In fact, ITIL® 4 – the latest evolution of the best practice guidance – makes customers an essential element in the process of creating value.

Digital transformation: translating technology into business value

If we agree that digital transformation results in better strategic demand for and use of IT, the success of IT comes from defining what it can do to deliver value.

However, the challenge is often that customers have underdeveloped, ambiguous and conflicting ideas about what they want and need. Therefore, before IT comes up with concrete requirements it’s vital to discover the users’ unarticulated needs and translate them into requirements.

The ITIL framework tells us that when organizations use IT more effectively, there is a greater demand on IT services. And when digital transformation triggers IT transformation, ITIL can help with this process. In ITIL 4, it’s about aligning human, digital and physical resources to support faster quality and value-driven delivery for people and organizations.

IT transformation results in improved fitness for use (warranty, the non-functionals), speed and priority of delivery and improved costs and risks of IT services.
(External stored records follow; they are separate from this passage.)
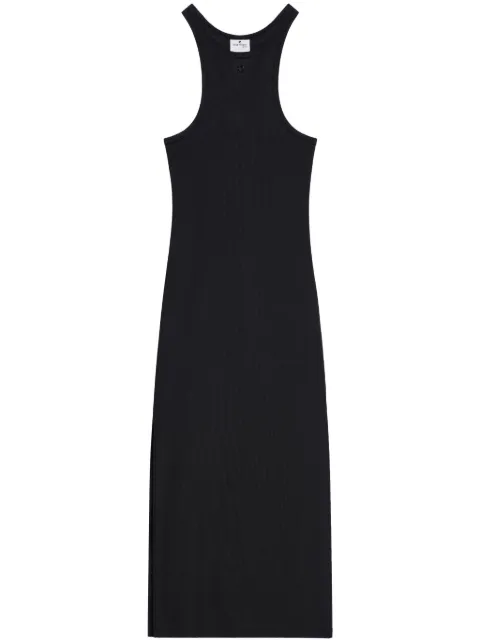 Courrèges Scuba 90's midi dress 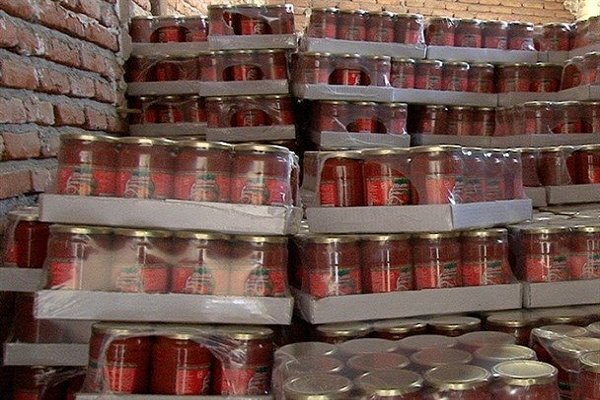 قیمتهای جالب رب گوجه فرنگی در فصل گوجه!/ جدول قیمت قیمتهای جالب رب گوجه فرنگی در فصل گوجه!/ جدول قیمت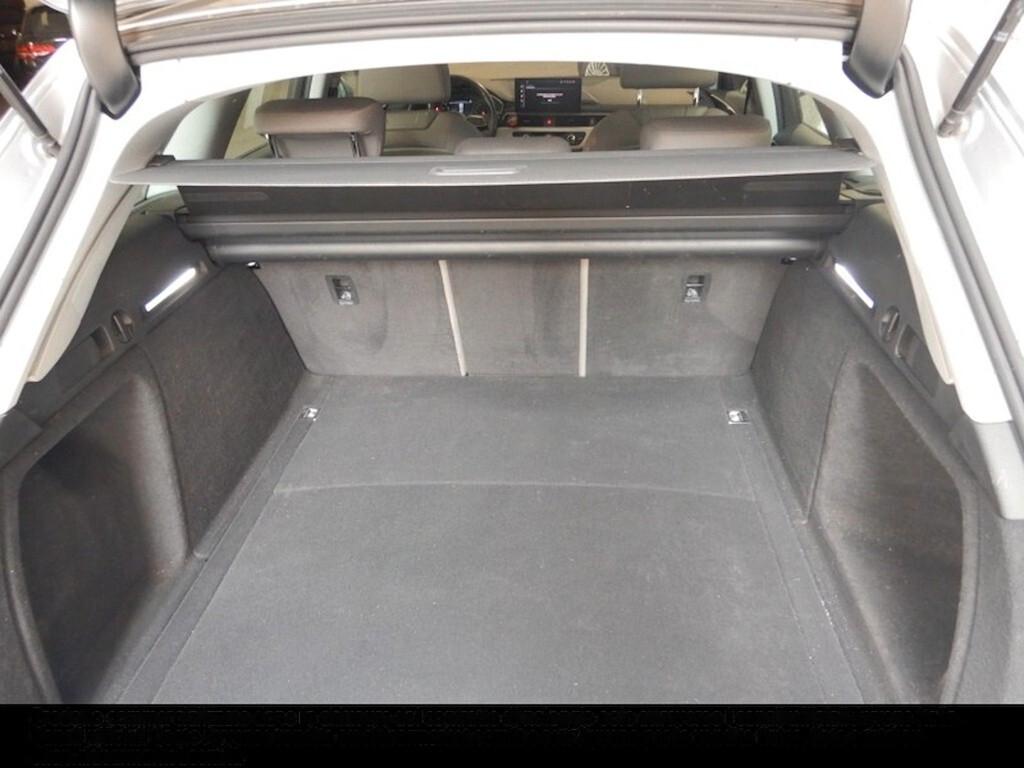AUDI A4 AVANT 30 TDI 136CV S-TRONIC BUSINESS ( FARI LED - CRUISE - NAVI )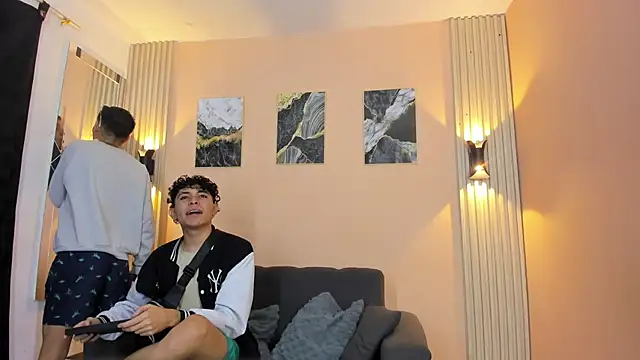 DesiresOfOlympus  online show from 04/08/26, 09:37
Consequently, you achieve improvements in the potential value already identified and determined by the business.

It’s important to note that IT service management mustn’t come as an afterthought but is part of the transformation conversation from the start: while development teams are building functionality into applications, ITSM needs to run in parallel to ensure support of the non-functional aspects.

Essentially, it’s the responsibility of ITSM to help co-create and protect the value identified by the business as soon and as cheaply as possible and to ensure that nothing (e.g. an outage) adversely affects the potential value.

The blurring lines of business and IT

What we’re seeing more today is decentralizing of IT capabilities to the various lines of business, where business representatives and IT people work together on IT-dominant products.

As a result, many previous concepts and approaches are now moving aside to allow different ways of working; more based on mutual alignment, close collaboration and adjustment which are integral to the digital enterprise.

And this also needs a wider range of options among the frameworks people are using – in other words providing them with a bigger toolkit.

Co-creating value through service thinking

Equally, there has been a shift from a goods-dominant logic (an organization makes something and sells it to the customer) to a service-dominant logic.

In that scenario, users access resources available to them, interpret information and use the information to reduce uncertainty and make better decisions. But only when people (or things) act on those decisions, can you claim that return on IT investment has been realized.  This exemplifies a process of co-creation between the user and IT service management. The more people in IT who are aware of co-creation, the more value will be co-created for the provider and the user.

The benefits of this are not only monetary: both parties learn from the experience and benefit from improved use of resources in future activities.

Transformation and ITIL 4

I believe that, with the need for organizations to continually improve the way they work, there will be more fostering of cultures that encourage and reward ongoing experimentation and responsible risk taking; pushing boundaries to make progress in a climate where people feel safe to try new things and don’t get fired if something goes wrong.

In that context, ITIL 4 links more explicitly to other disciplines, such as DevOps and Agile, as part of transformation initiatives. With an increase in cross-functional teams – such as development and operations working together – there is an even greater need to understand each other’s languages and approaches, creating better mutual adjustment and combined effectiveness.

ITIL 4 offers an approach more relevant to software developers, service management practitioners and businesses by promoting a holistic view of delivering products and services.